**Work instruction:**
Copy out the entries that follow exactly, leaving out the pictures.

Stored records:
--- --- ---
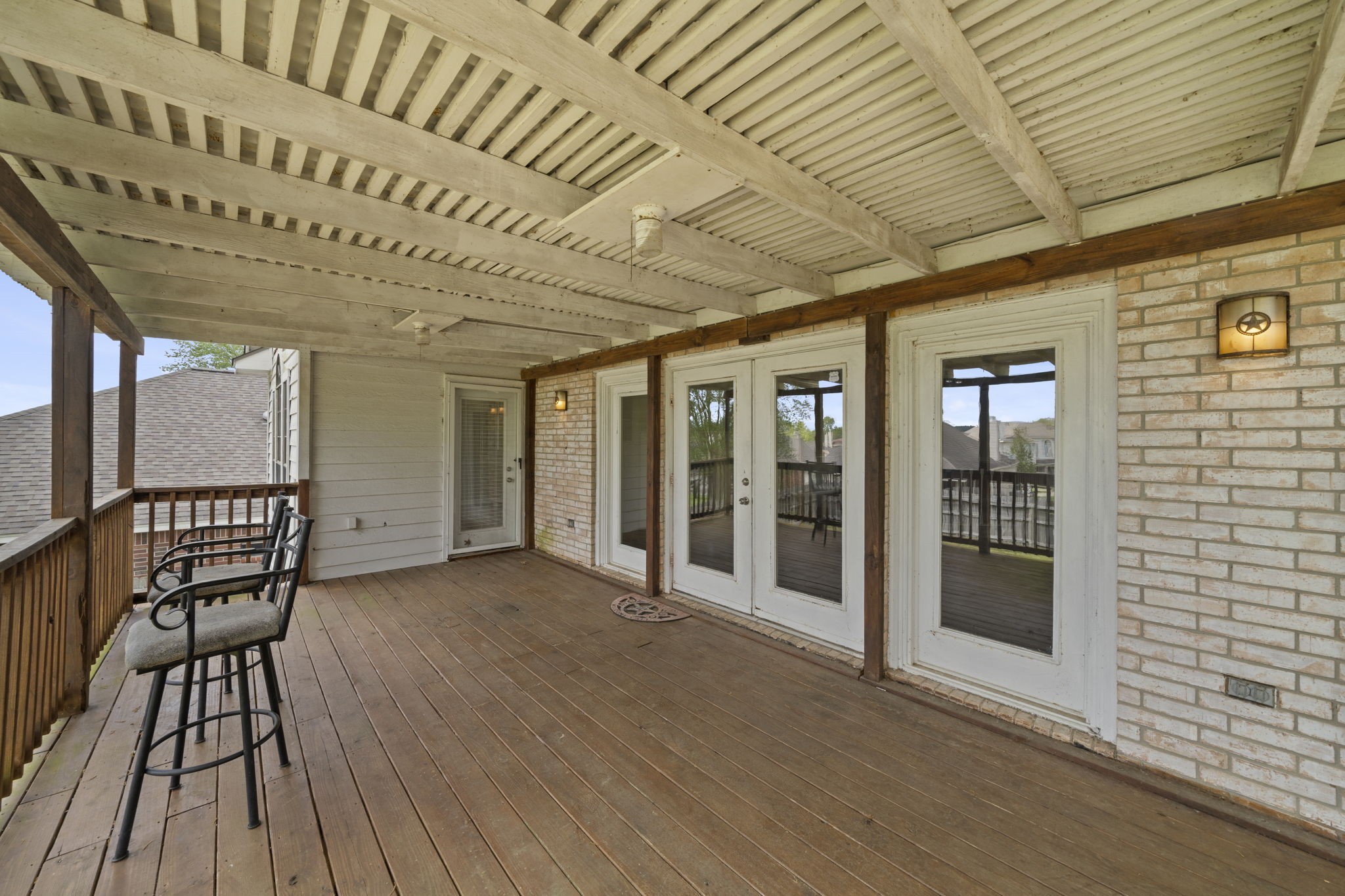 169 April Cove Montgomery, TX 77356 - Photo 27 of 39 Spacious covered balcony featuring wood decking, exposed beam ceiling, and plenty of room for seating—perfect for relaxing or entertaining.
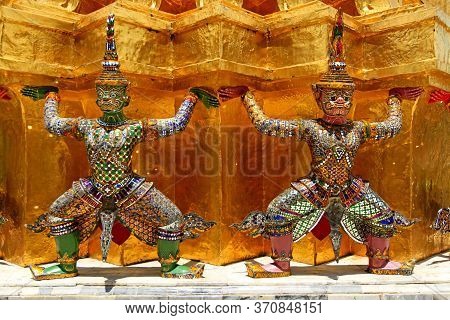 Two Giant Ramayana Statues Liftting Golden Pagoda At Wat Pra Kaew, Grand Palace, Bangkok, Thailand. 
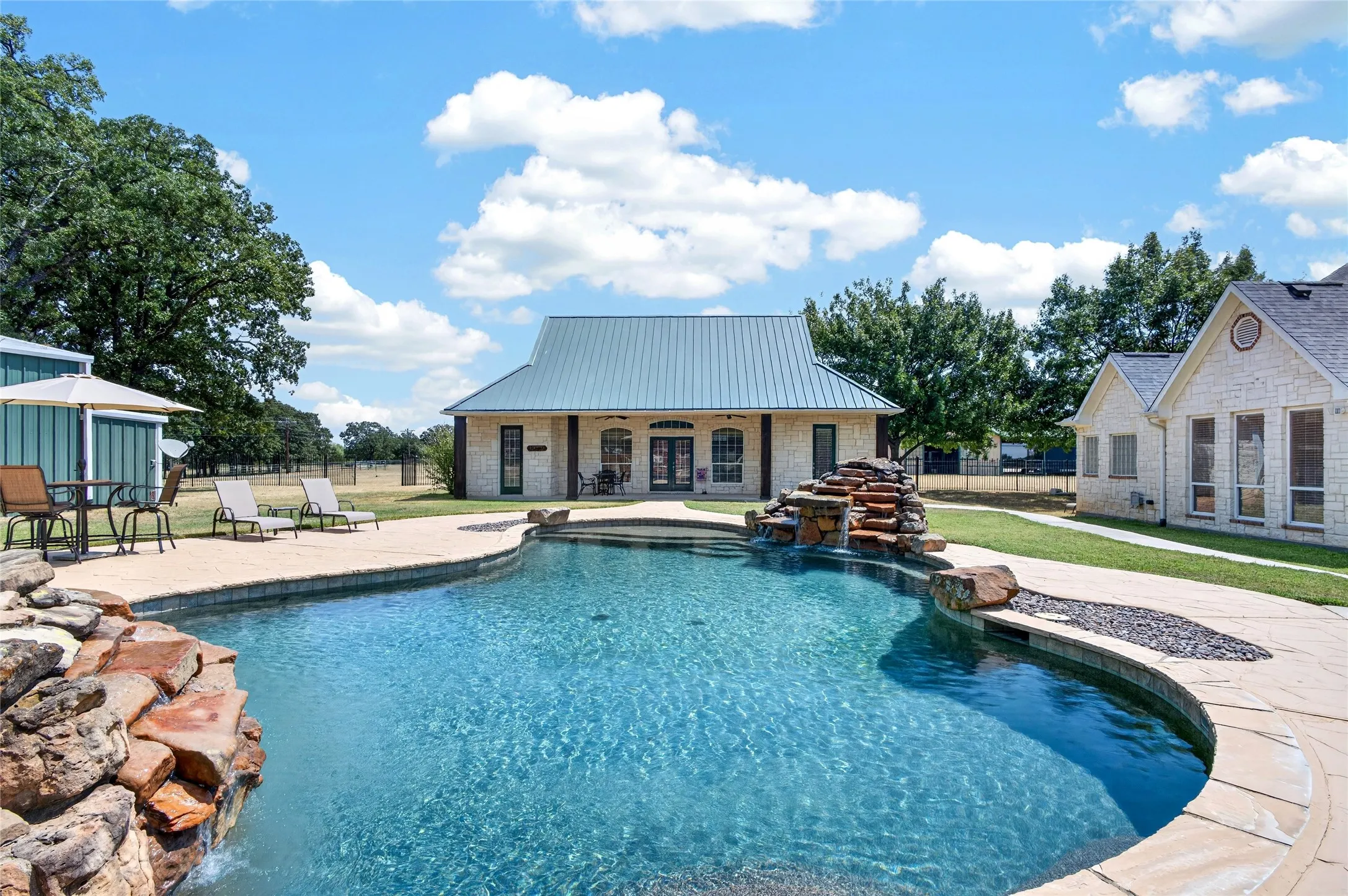 Looking at pool house and main house to the left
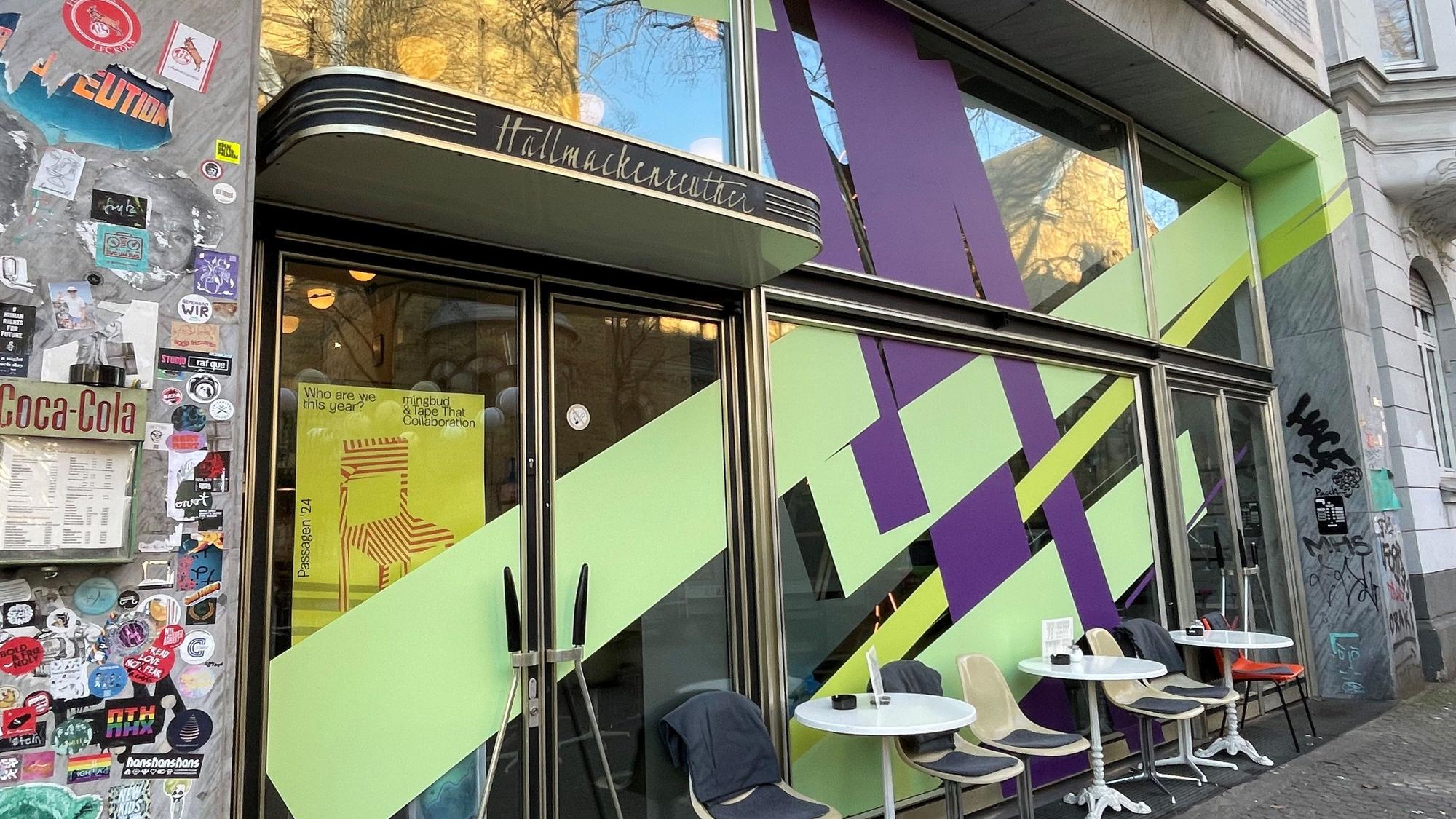 Die Front eines Cafés ist mit breiten lila und lindgrün-farbenen Streifen beklebt.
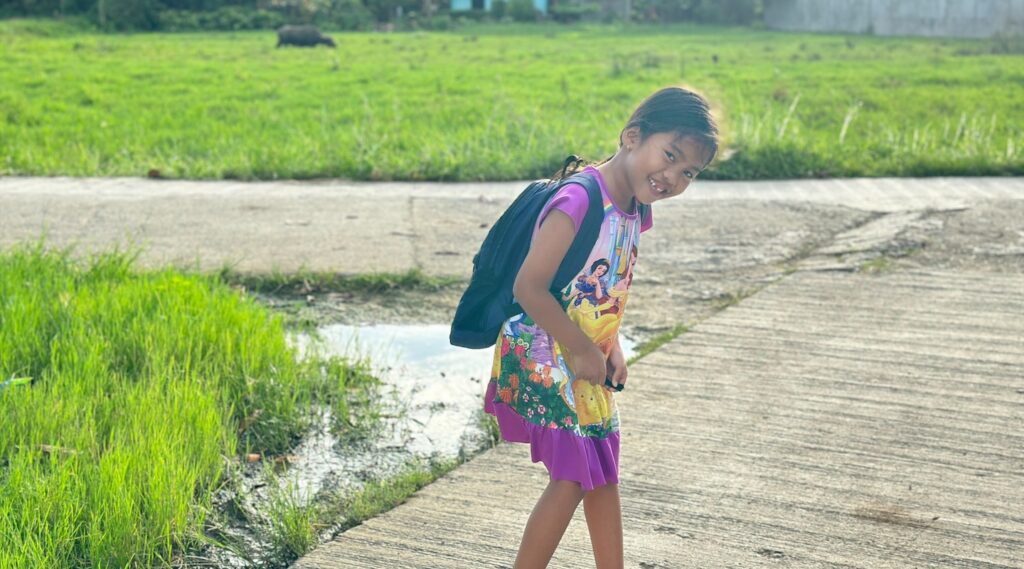Khianna wearing a backpack while smilling on a walking path.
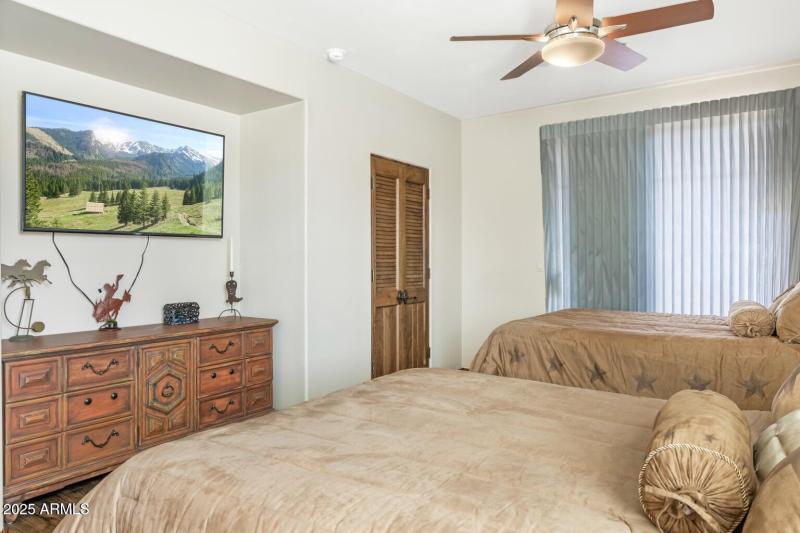 Junior suite bedroom with patio access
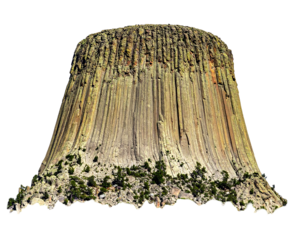 Striking vertical rock formations create a unique landscape, topped with textured rock and accented by green vegetation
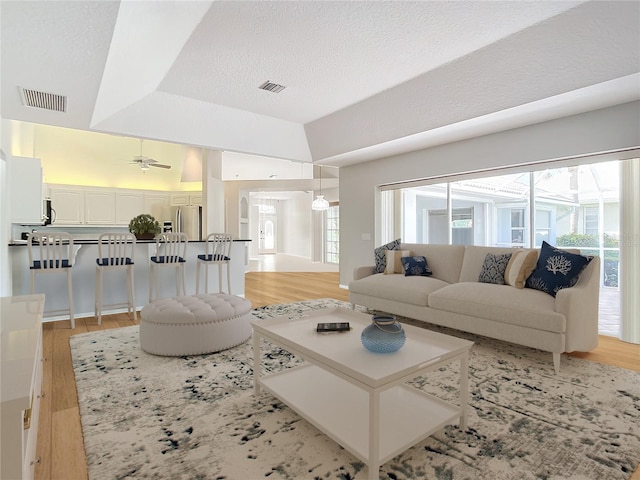 living room featuring a raised ceiling, ceiling fan, a textured ceiling, and light wood-type flooring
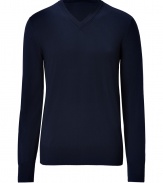 Must-have piece for fall, this classic navy v-neck pullover is a versatile favorite of the season - Made of pure wool for optimal warmth and comfort - Long, slender sleeves, small v-neck and moderately long hem - Looks great solo or as a laying piece - Pair with jeans and khakis for causal, polished looks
--- --- ---
**Output for this task:**
 169 April Cove Montgomery, TX 77356 - Photo 27 of 39 Spacious covered balcony featuring wood decking, exposed beam ceiling, and plenty of room for seating—perfect for relaxing or entertaining.
 Two Giant Ramayana Statues Liftting Golden Pagoda At Wat Pra Kaew, Grand Palace, Bangkok, Thailand. 
 Looking at pool house and main house to the left
 Die Front eines Cafés ist mit breiten lila und lindgrün-farbenen Streifen beklebt.
Khianna wearing a backpack while smilling on a walking path.
 Junior suite bedroom with patio access
 Striking vertical rock formations create a unique landscape, topped with textured rock and accented by green vegetation
 living room featuring a raised ceiling, ceiling fan, a textured ceiling, and light wood-type flooring
 Must-have piece for fall, this classic navy v-neck pullover is a versatile favorite of the season - Made of pure wool for optimal warmth and comfort - Long, slender sleeves, small v-neck and moderately long hem - Looks great solo or as a laying piece - Pair with jeans and khakis for causal, polished looks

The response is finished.